Penghasilan Tidak Kena Pajak (PTKP)  
      PTKP adalah Penghasilan Tidak Kena Pajak yang merupakan batas minimal Penghasilan Wajib Pajak Orang Pribadi yang tidak dikenakan pajak, artinya bila Wajib Pajak Orang Pribadi mempunyai penghasilan netto dibawah PTKP, maka penghasilannyat tidak dikenakan pajak begitupun sebaliknya. Penghasilan netto adalah penghasilan kotor setelah dikurangi dengan biaya-biaya.
PTKP  untuk Perhitungan Pajak Penghasilan Wajib Pajak (WP) Orang Pribadi (OP).
  • Rp 15.840.000 / tahun untuk diri WP OP itu sendiri;
  • Rp 1.320.000 / tahun tambahan Status  Kawin;
  • Rp 15.840.000 / tahun tambahan untuk Seorang Isteri yang Penghasilannya Digabung dengan Penghasilan Suami
  • Rp 1.320.000 / tahun tambahan untuk setiap Anggota Keluarga Sedarah dan Keluarga Semenda dalam Garis Keturunan Lurus serta Anak Angkat, yang menjadi tanggungan sepenuhnya, maksimal 3 (tiga) tanggungan untuk setiap keluarga.

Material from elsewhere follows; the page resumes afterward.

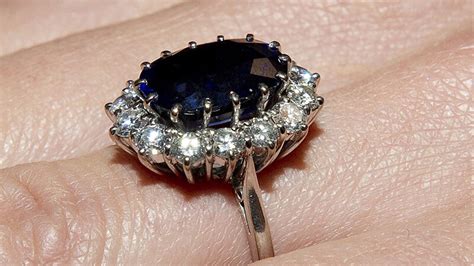 Princess Diana's Sapphire Engagement Ring: History And Controversy | lupon.gov.ph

Yang termasuk Keluarga Sedarah dalam Garis Keturunan Lurus adalah Anak Kandung, Ibu Kandung, Kakek / Nenek & Cucu dari WP yang secara ekonomis menjadi tanggungan WP. Sedangkan Anggota Keluarga Semenda dalam Garis Keturunan Lurus adalah Mertua, anak tiri dari isteri WP yang secara ekonomis tergantung pada WP.

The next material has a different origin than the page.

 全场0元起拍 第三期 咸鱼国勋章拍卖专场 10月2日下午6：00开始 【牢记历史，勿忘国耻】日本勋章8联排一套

 Contoh Penghitungan PTKP :
1.Seorang WP laki-laki sudah menikah mempunyai empat anak yang belum bekerja, dan satu tanggungan adik kandung yang cacat. Maka besarnya PTKP WP tersebut sebagai berikut :
§  WP itu sendiri               Rp. 15.840.000
§  Status Kawinnya           Rp.   1.320.000
§  Tanggungan satu           Rp.  3.960.000
§  Total PTKP (K/3)        Rp. 21.120.000
Keterangan : Adik kandung tidak diperhitungkan karena keturunan kesamping dengan WP.

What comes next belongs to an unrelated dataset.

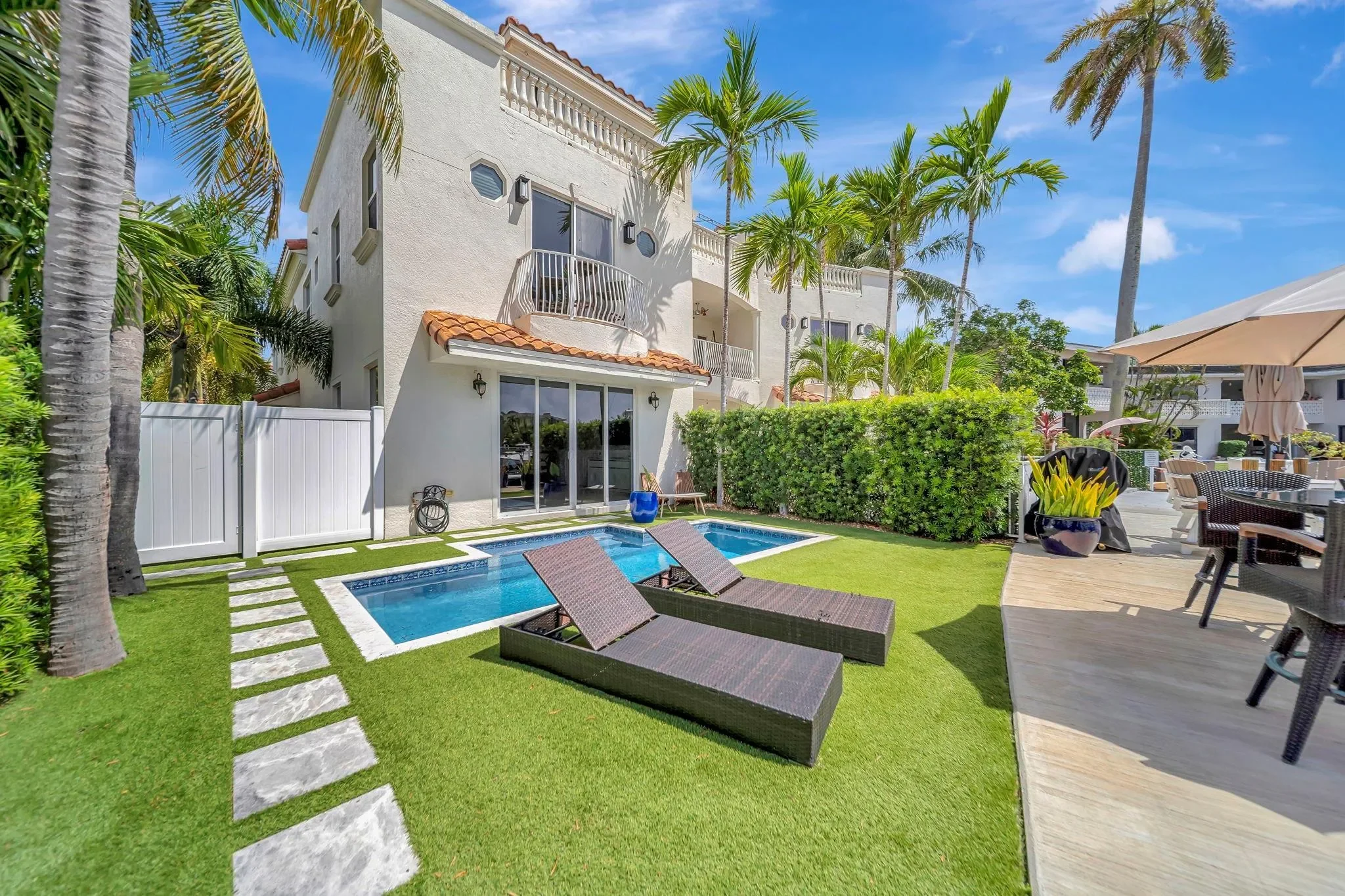 1368 BAYVIEW DR, Fort Lauderdale, Florida, United States. - Photo 21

2. Seorang WP Perempuan sudah menikah bekerja di PT. X mempunyai dua anak yang kandung belum bekerja. Maka penhitungan PTKP-nya :
§  WP itu sendiri               Rp. 15.840.000
§  Status Kawinnya           Rp.                 0
§  Tanggungan                  Rp.                 0
§  Total PTKP (K/0)       Rp. 15.840.000
            Keterangan : Nilai PTKP di atas untuk menghitung PPh Ps. 21 di PT. X. WP Perempuan Kawin tidak ada tambahan PTKP Status Kawin & PTKP Tanggungan jika tidak ada surat keterangan dari camat setempat bahwa suaminya tidak bekerja.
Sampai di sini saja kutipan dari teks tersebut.